Cleophas Jackson is a chubby, talkative, 13-year-old boy with a
charismatic, entertaining personality. Nestled in his working family -
his father is a security guard and his mother used to work as a
secretary - he has managed to steer clear of gangs. But, when asked,
he points out quickly, as if to certify his hard-core credentials, that
he has "done bad stuff," like fighting, cutting class and bringing a
knife to school.
Both Yolanda and Cleophas are among the dozen young people, aged 8
to 21, featured in the documentary, "112th and Central: Through the Eyes
of Children," which opens tomorrow at the Village East Theater, Second
Avenue and 11th Street in Manhattan. The filmmakers plan to show the
documentary in selected art houses around the country.

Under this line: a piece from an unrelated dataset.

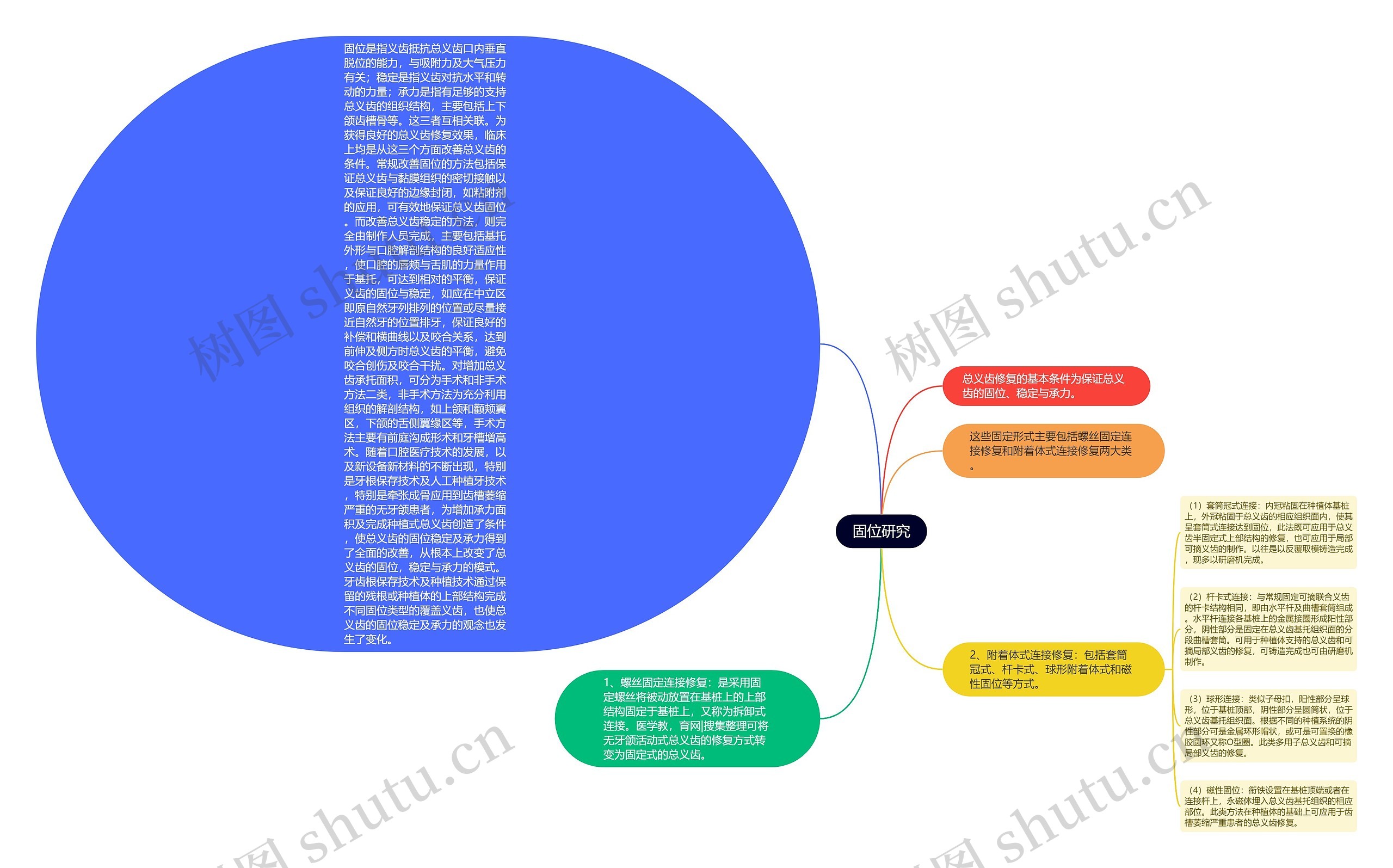 固位研究思维导图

The young people
were in New York recently, on a busy round of interviews.
The film, which the young people produced with the help of film
professionals, focuses on Watts, one Los Angeles-area community
devastated by riots following the acquittal of police officers in the
first trial stemming from the beating of Rodney King. Rather than a
comprehensive post-riot report, it offers various residents, primarily
young people and gang members, the opportunity to speak directly about
their lives. In the process, Yolanda, Cleophas and their peers -
designated executive producers of the project - also learned the
rudiments of how a film is put together, how to shoot with a High-8
camera, interviewing techniques and how the outside world views their
community.
The project gave Cleophas a chance to polish his on-camera
poise. In a voice that is still somewhat high-pitched, he often poses
the same question, using his best TV reporter demeanor: "So uh, what did
you think of the riots?"
"They should have went to somebody else's community," one girl
responds. "They messed up their own community."

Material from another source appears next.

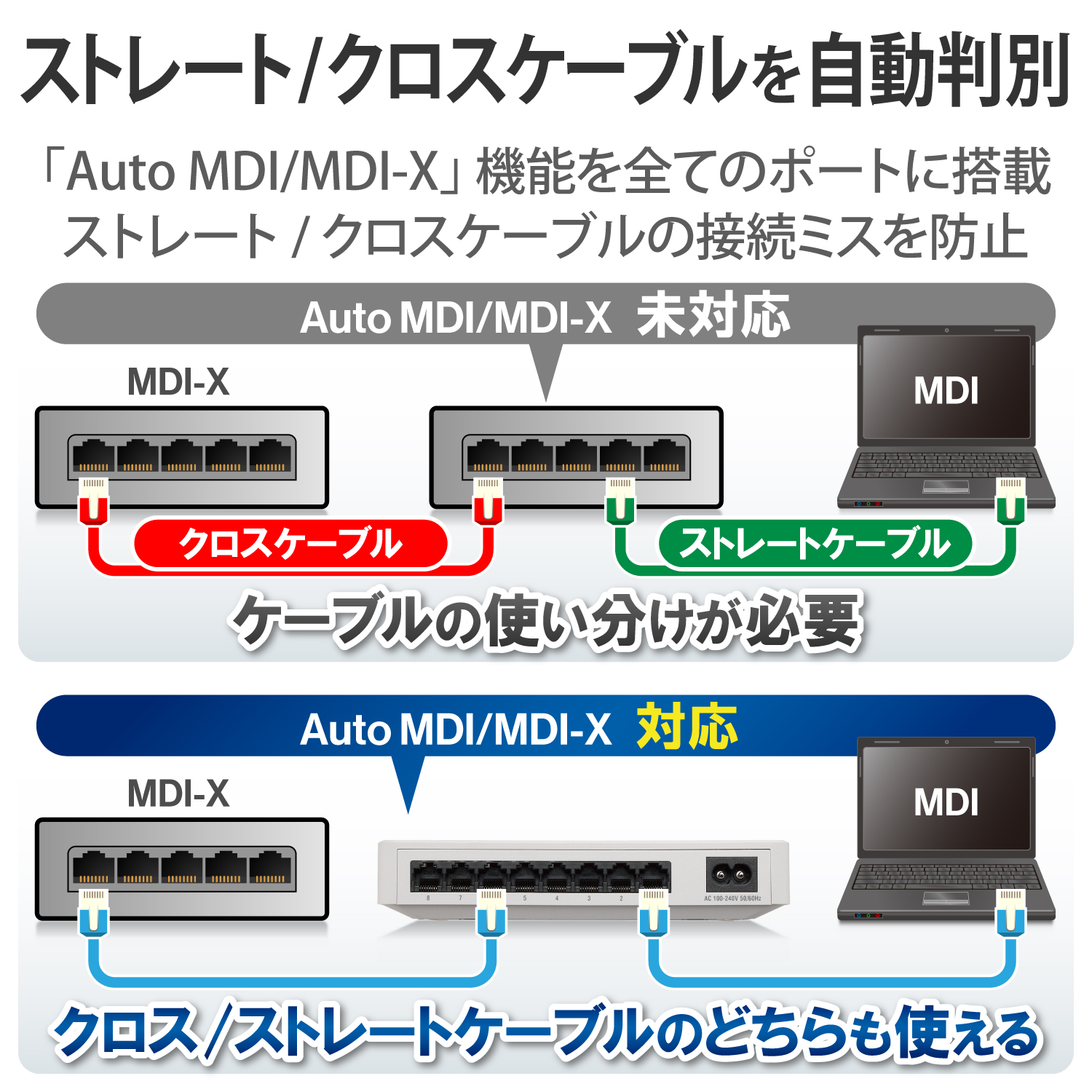 1000BASE-T対応スイッチングハブ | エレコムダイレクトショップ本店は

The idea for the project was born after filmmaker Jim Chambers
gathered a group of concerned Hollywood professionals in his home after
the riots. Through a friend, Chambers and the group were introduced to
young black and Chicano people gathered at the L.A. Achievement Center,
a South Los Angeles-based program at 112th Street and Central Avenue in
Watts.
The initial meeting was tense. The young people felt used and
"ripped off" by TV camera crews and others in the media who had come and
gone quickly during and after the riots. Crews would shoot predictable
footage and ask questions that invited stereotypes: "Do you worry about
getting killed when you walk to school?" The result, the children
believed, were stories that didn't reflect who they were or the
unfolding events.
"I didn't like it at first," Yolanda recalled. "I said, `I'm not
going down there. I don't trust white people.' "
"I had the same reaction," Cleophas said. "I felt like, what y'all
doin' down here?"
But after a series of meetings, the young people were convinced it
would be their movie. They would do interviews, shoot footage and be
paid - those over the age of 16 were paid $6 an hour while those
younger received a $100 stipend. Community members were paid to provide
security.
Some of the moments they captured include gang members talking
about their effort to call a truce. A woman walks through the scene of
her nephew's death at the hands of the police. And 13-year-old Violeta
Soto opens the film with a verbal barrage that shows her budding talents
as a poet.
Yolanda said that the film experience has made her more trusting of
whites and boosted her self-confidence. "I learned about myself," she
said. "I improved my self-esteem and before I didn't have any."
Without the project, Cleophas said matter-of-factly, "I think I
would have been destined to be a gang member."